In analogia con la ben nota teoria del riscaldamento da micro-brillamenti, formulata con la corona solare, si sta indagando la possibilità che gran parte dell'emissione in banda X delle stelle giovani sia riconducibile a brillamenti. Infatti, studi di variabilità nella banda X soffice ($0.5-8.0$keV) condotti da ricercatori OAPa su diverse regioni di formazione stellare (Ammasso della Nebulosa di Orione, Toro, Cyg OB2) hanno mostrato che la distribuzione dei brillamenti è compatibile con l'ipotesi che la corona sia riscaldata da una sovrapposizione di brillamenti di diversa intensità, distribuiti secondo una legge di potenza.
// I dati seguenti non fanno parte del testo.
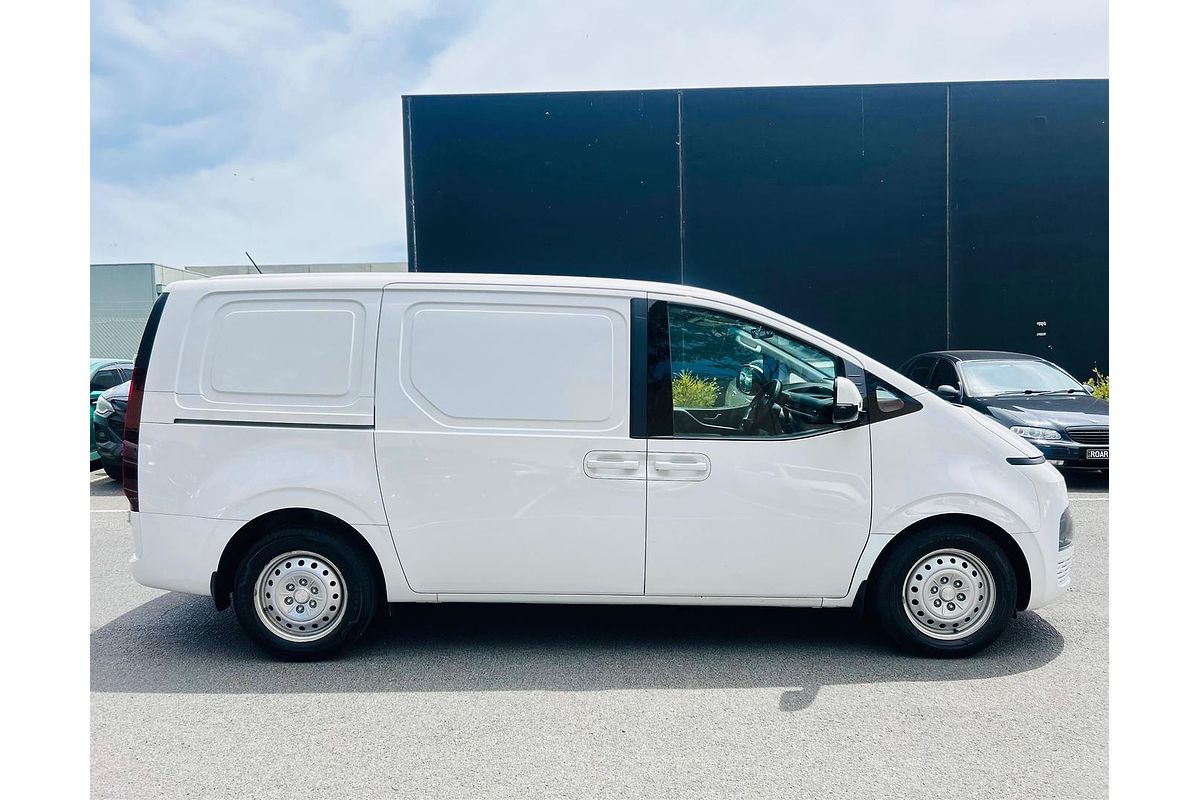 2024 Hyundai STARIA LOAD US4.V3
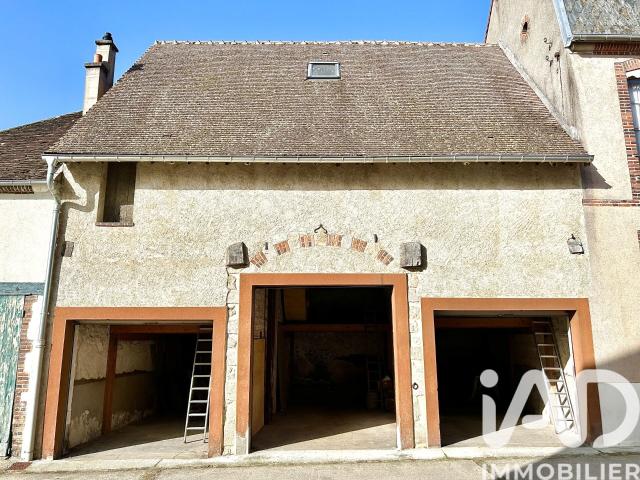 Garage vente à Sens, Villeneuve-sur-yonne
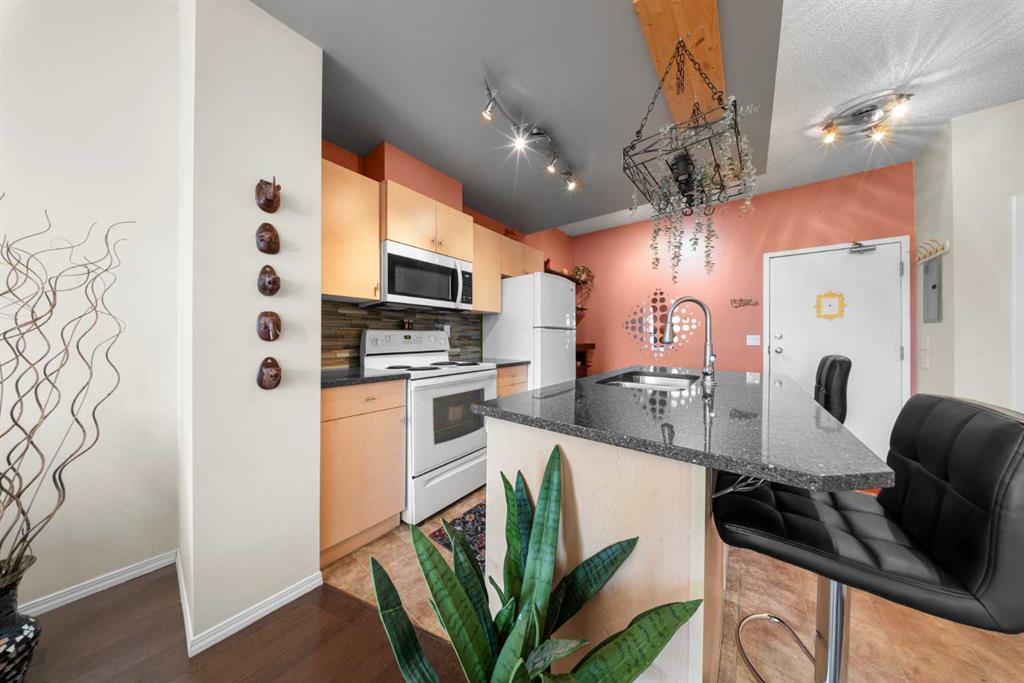 Picture for 3206, 73 Erin Woods Court SE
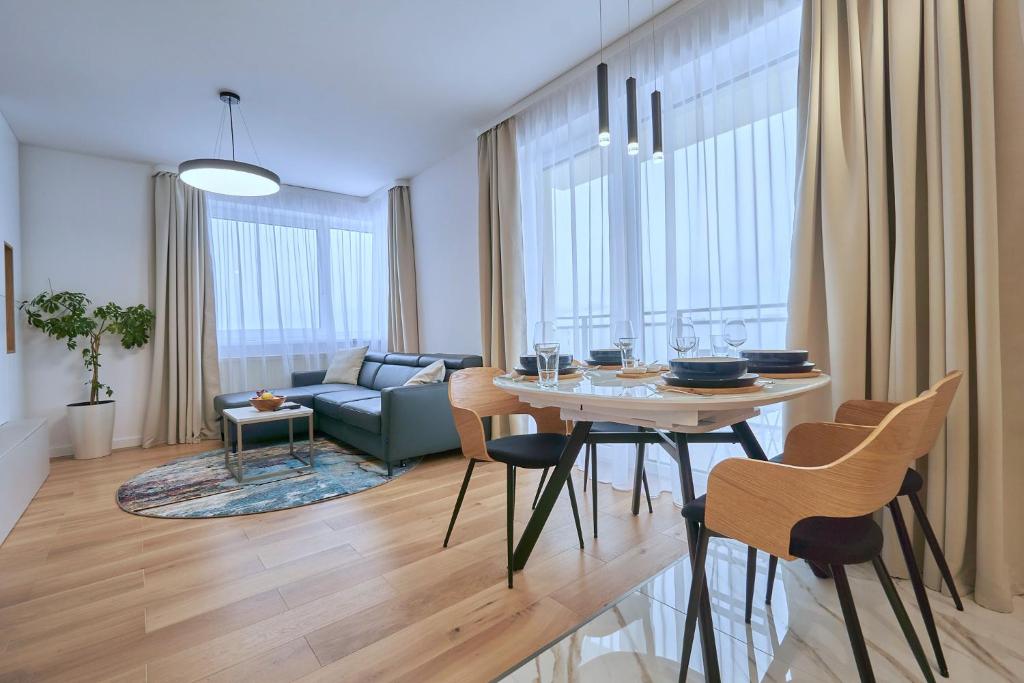 The Gatsby Apartment — photo 1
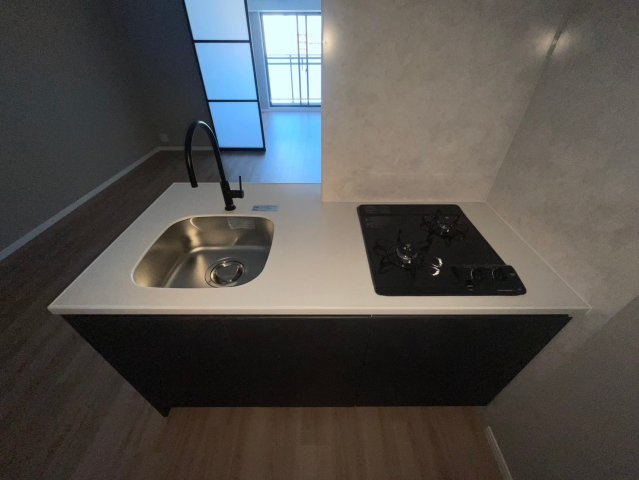 S-RESIDENCE大阪上本町のキッチン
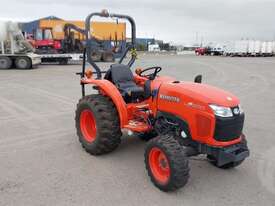 Kubota L3200 - picture0' - Click to enlarge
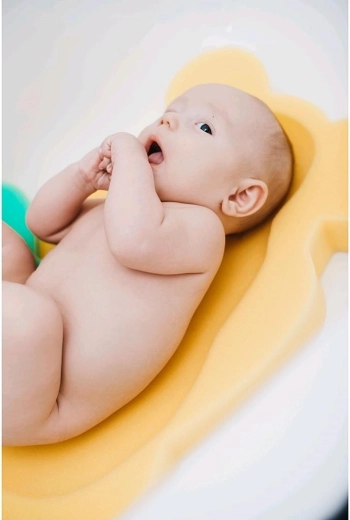 Confort et stabilité dans la baignoire pour bébé
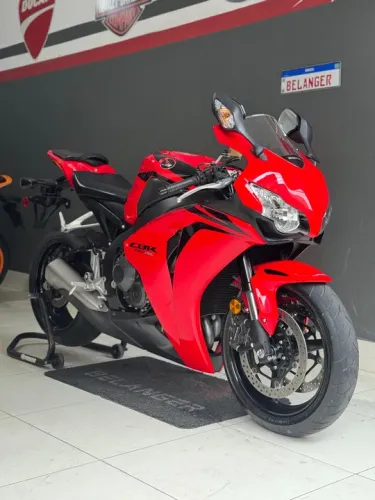 HONDA CBR 1000RR 2008 COM 840KM IMPECÁVEL 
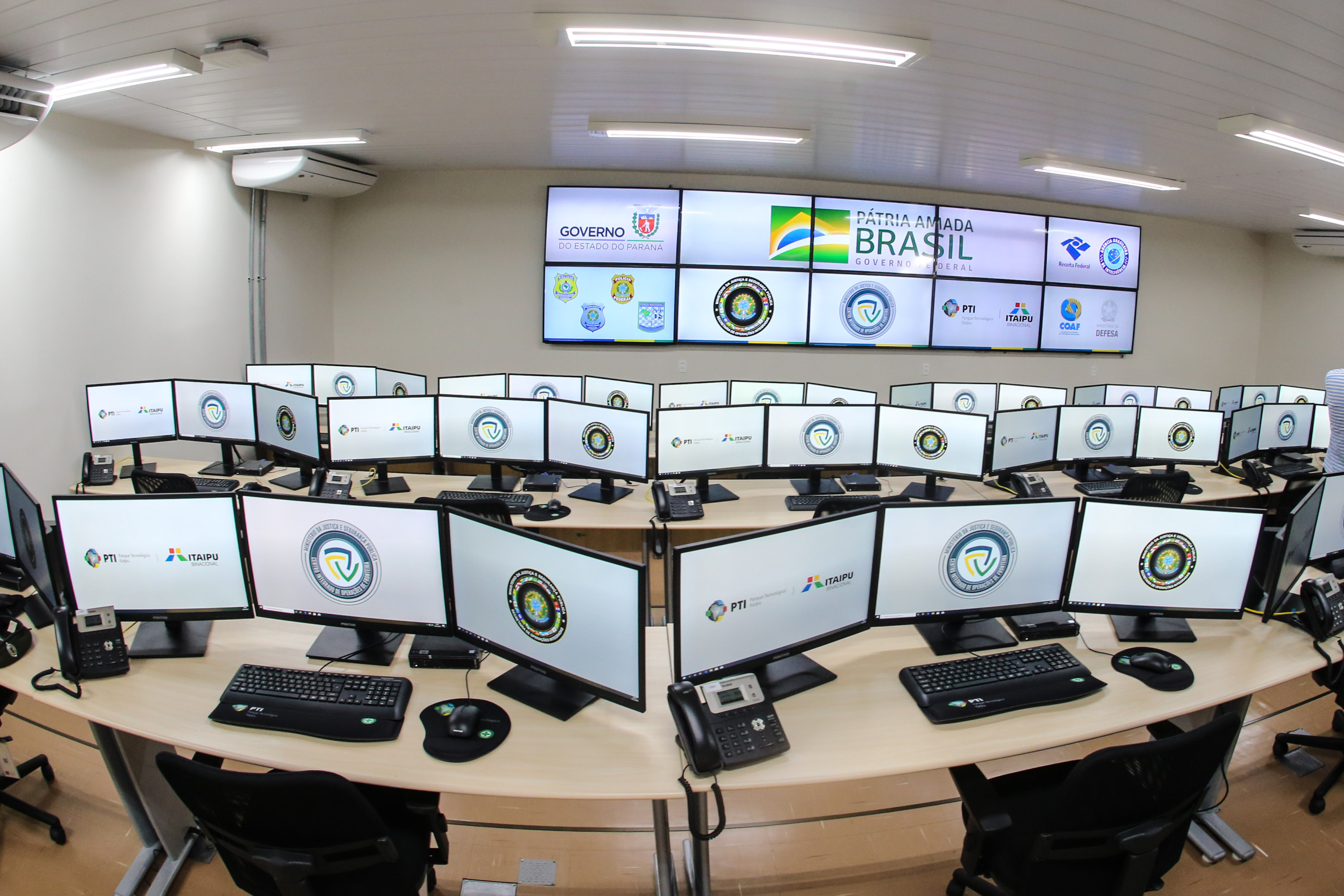 CIOF FOZ O Centro Integrado de Operações de Fronteira, em Foz do Iguaçu. O CIOF reforçará as ações estratégicas estaduais de combate ao tráfico e ao crime organizado. A estrutura passa a integrar o Parque Tecnológico Itaipu, na Itaipu Binacional.Foz do Iguaçu, 16/12/2019 - Foto: Geraldo Bubniak/AEN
Una possibile diagnostica per verificare tale ipotesi è quella di misurare l'emissione non-termica nella banda dei raggi X duri ($>20$ keV), dove la luminosità stellare è dovuta principalmente ai brillamenti. Partendo da una relazione empirica tra la luminosità di picco dei brillamenti tra le bande $0.5-8.0$keV e $20-40$keV (Isola et al. 2007, A&A, 472, 261) e ipotizzando che l'emissione coronale sia dovuta unicamente a brillamenti è stata ricavata una relazione che lega la luminosità X totale della stella nelle due bande (Caramazza et al. 2009, in stampa). Cyg OB2 è l'unica regione di formazione stellare per cui esiste una misura della luminosità in banda dura, effettuata da De Becker e collaboratori nel 2007, tramite il satellite INTEGRAL. Da un confronto della luminosità totale misurata per le stelle di piccola massa di Cyg OB2, con quella ricavata dalla relazione descritta in Caramazza et al. (2009), si può concludere che un contributo non trascurabile dell'emissione di Cyg OB2 nella banda dei raggi X duri, potrebbe provenire da brillamenti di stelle di piccola massa, avvalorando così la teoria del riscaldamento coronale da micro-brillamenti.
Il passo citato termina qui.